Ci recammo fuori in giardino, minacciava di piovere.
Il capitano mi mostrò un ritratto a carboncino.
«Questa è la ragazza che avete descritto l’altro giorno, dico bene?»
Annuii con terrore.
«Ha detto di chiamarsi… Miss L, giusto?»
«G-giusto.»
Conservò l’immagine in una tasca e mi scrutò in maniera grave.
«Lei è un insegnante di scienze e matematica.»
«Esatto.»
«E i suoi amici si occupano di finanze.»
«H è un banchiere, J un’assicuratore.»
Si grattò la punta del mento in cerca delle parole giuste.
«Fossi in voi cambierei aria. Un trasferimento presso la sede più lontana. Mi segue?»
Scossi la testa.
«Temo corriate un serio pericolo. La signora conosce i vostri nomi, sa che abitate qui e…»
«Cosa sta cercando di dire, capitano?»
«Voglio dire, signor F, che abbiamo a che fare con qualcosa di… irrazionale.»
Un nuovo brivido cominciò a salirmi lungo la schiena, accompagnato da un grumo di saliva al centro della gola.
«Il signor W non è stato che l’ultimo pasto di…»
«Ultimo pasto? Ultimo pasto!»
Scoppiai a ridergli in faccia, mentre H e J ci osservavano dalla vetrata della sala riunioni.

Sono trascorsi cinque anni, centinaia di miglia mi separano dalla città. H è riuscito a ottenere il trasferimento sei mesi dopo la mia partenza, J è rimasto.
Vivo in una pensione poco distante dal villaggio dove insegno il moto dei pianeti e le nozioni algebriche ai miei giovani allievi. Le giornate trascorrono in placida monotonia, ogni tanto rimpiango gli svaghi offerti dal circolo, ma così ha voluto il destino.
Giro armato senza darlo a vedere. Da un paio di bretelle ho ricavato una doppia fondina, le pistole sono sempre cariche e pronte all’uso. Mi alleno nella brughiera con bottiglie vuote e boccali scheggiati, allineati su un muro di tufo. Nessuno può sentire gli spari. Gli abitanti sono persone umili e riservate. Meglio così. Lascio dormire loro sonni tranquilli in attesa di regolare i conti.

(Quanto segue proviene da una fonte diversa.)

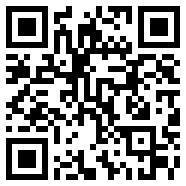 ppxdm动漫1.2.8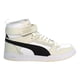 thumbnail image 2 of TENIS PUMA HOMBRE BEIGE RBD GAME NEGRO BLANCO 265 38583939 beige 5 MX, 2 of 9
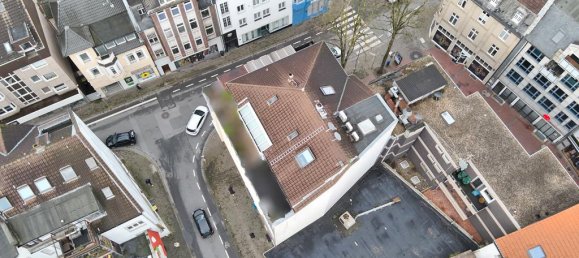 12 chambres Bâtiment à Gelsenkirchen, Germany No. 7708 9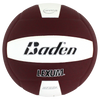 Lexum Microfiber Volleyball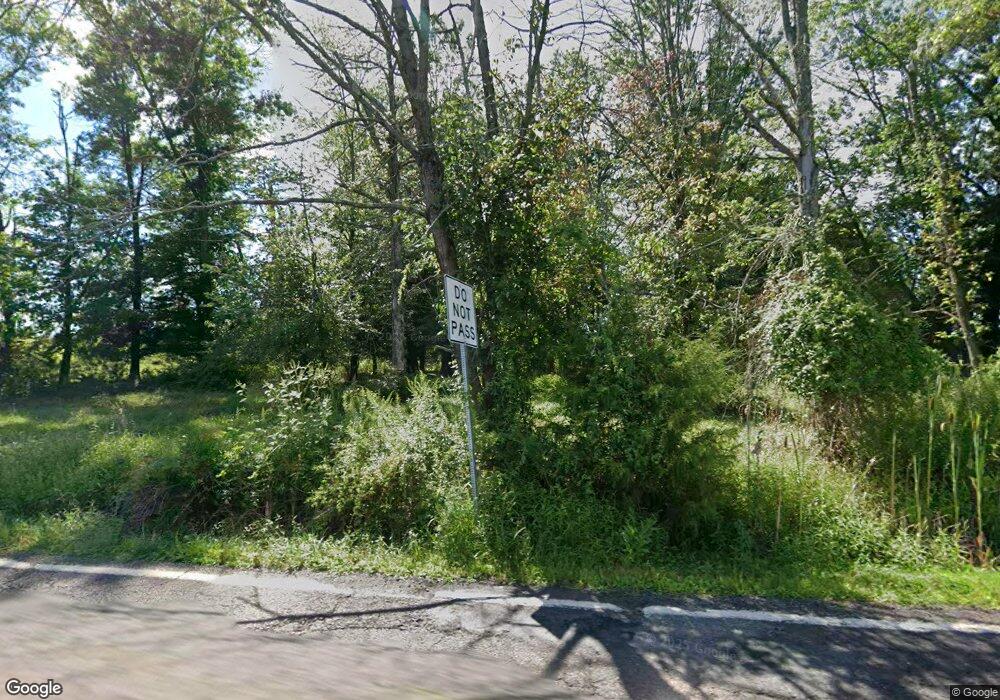 306 Elephant Rd, Perkasie, PA 18944 - photo 1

3 commenti su “Apprensione”

  1. Bellissima l’atmosfera, alta la tensione, il racconto mantiene la promessa del titolo, sono stata in apprensione per tutta la lettura. Bravo, molto bello.
    p.s. molto bella l’illustrazione

    1. L’illustrazione è un ritratto di Miranda — la figlia di Prospero nell’opera teatrale «La tempesta» di Shakespeare — tratto dal volume «The heroines of Shakespeare». Ci sembrava perfetta come Miss L.